[Stored items]
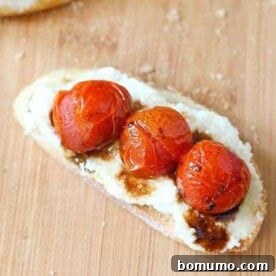 Overhead close-up of a single crostini topped with roasted tomatoes, ricotta, and balsamic glaze.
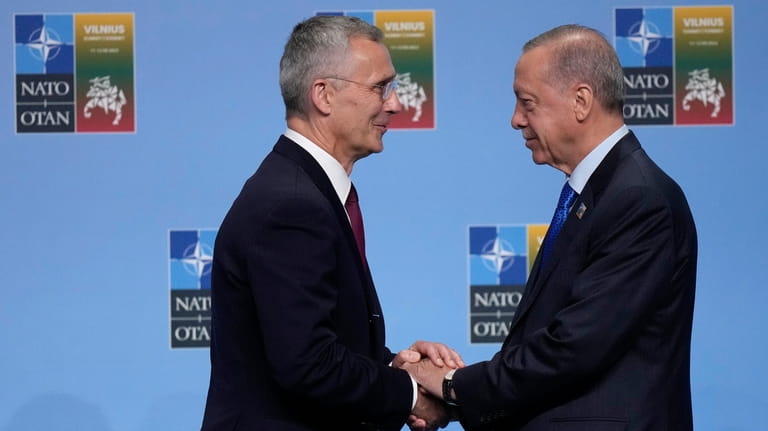 NATO Secretary General Jens Stoltenberg, left, greets Turkish President Recep...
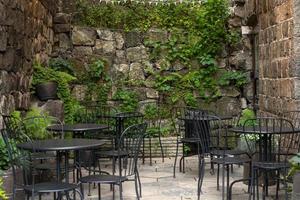 photographie d'été atmosphérique. café en plein air avec chaises et tables noires. café de rue en plein air avec beaucoup de plantes photo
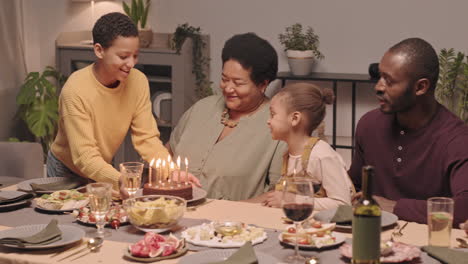 a family celebrates a birthday with cake and laughter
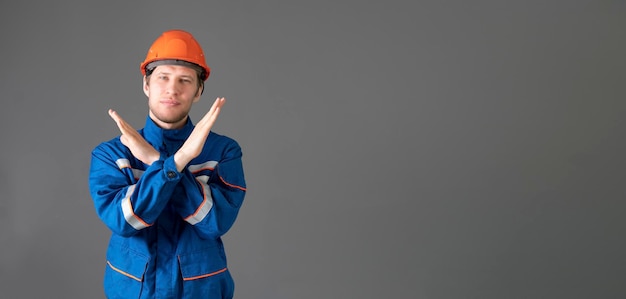 Um trabalhador masculino de uniforme azul mostrando o gesto de parada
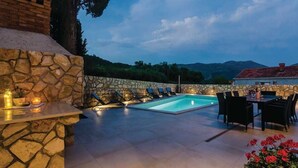 Un espace extérieur avec une piscine, des murs en pierre et une table entourée de chaises.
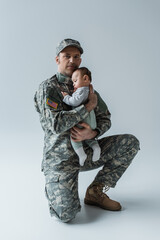 US soldier in uniform holding in arms newborn boy and looking at camera on grey.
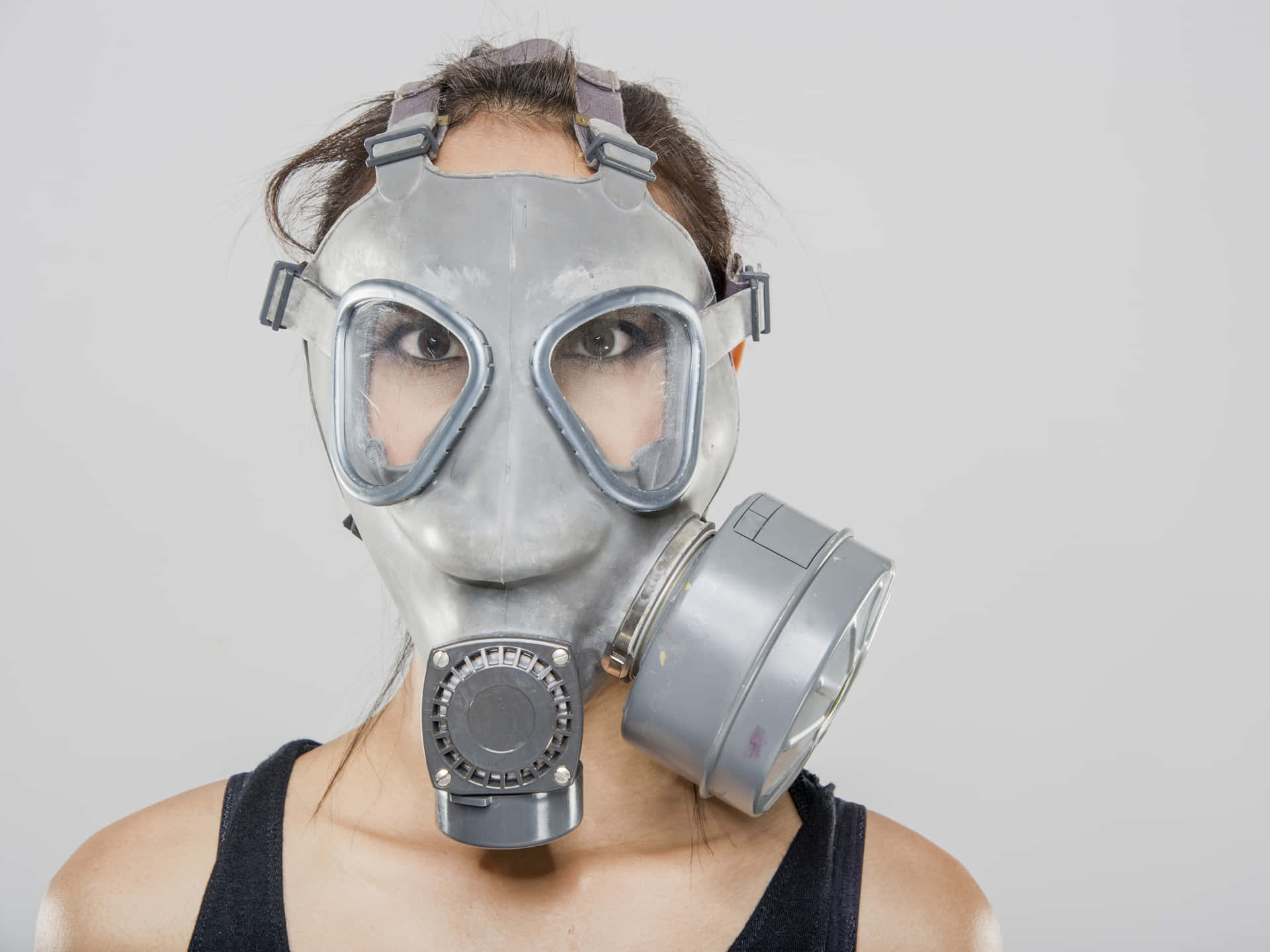 A Woman Wearing A Gas Mask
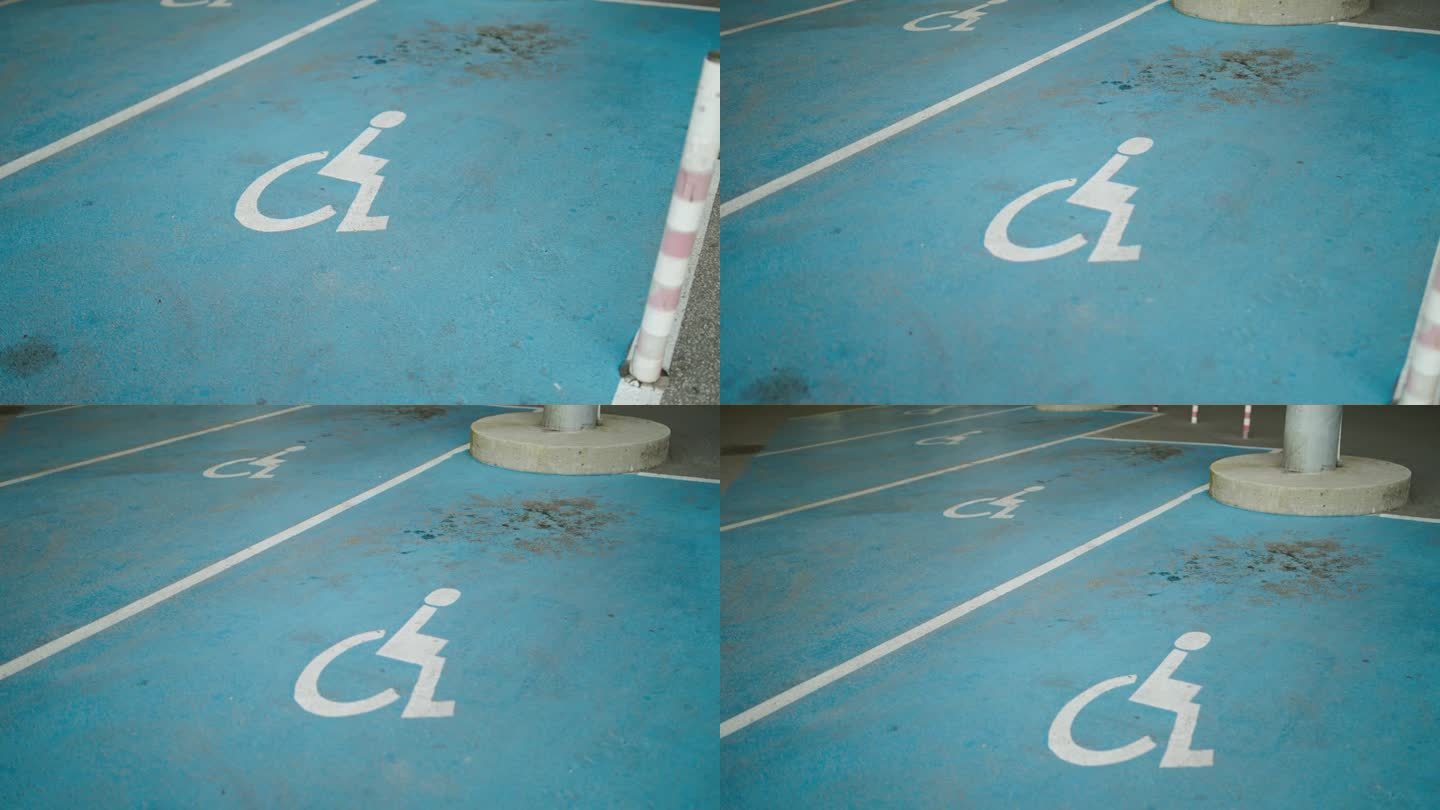 超市或商场内为残障司机预留的停车场。残障人士停车位。沥青停车场的轮椅标志油漆。残疾人停车场。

Exercise objective:
Once the line containing "a family celebrates" is found, transcribe it and every line after it to the end of the records, exactly and with no pictures.

Solution to this problem:
 a family celebrates a birthday with cake and laughter
 Um trabalhador masculino de uniforme azul mostrando o gesto de parada
 Un espace extérieur avec une piscine, des murs en pierre et une table entourée de chaises.
 US soldier in uniform holding in arms newborn boy and looking at camera on grey.
 A Woman Wearing A Gas Mask
 超市或商场内为残障司机预留的停车场。残障人士停车位。沥青停车场的轮椅标志油漆。残疾人停车场。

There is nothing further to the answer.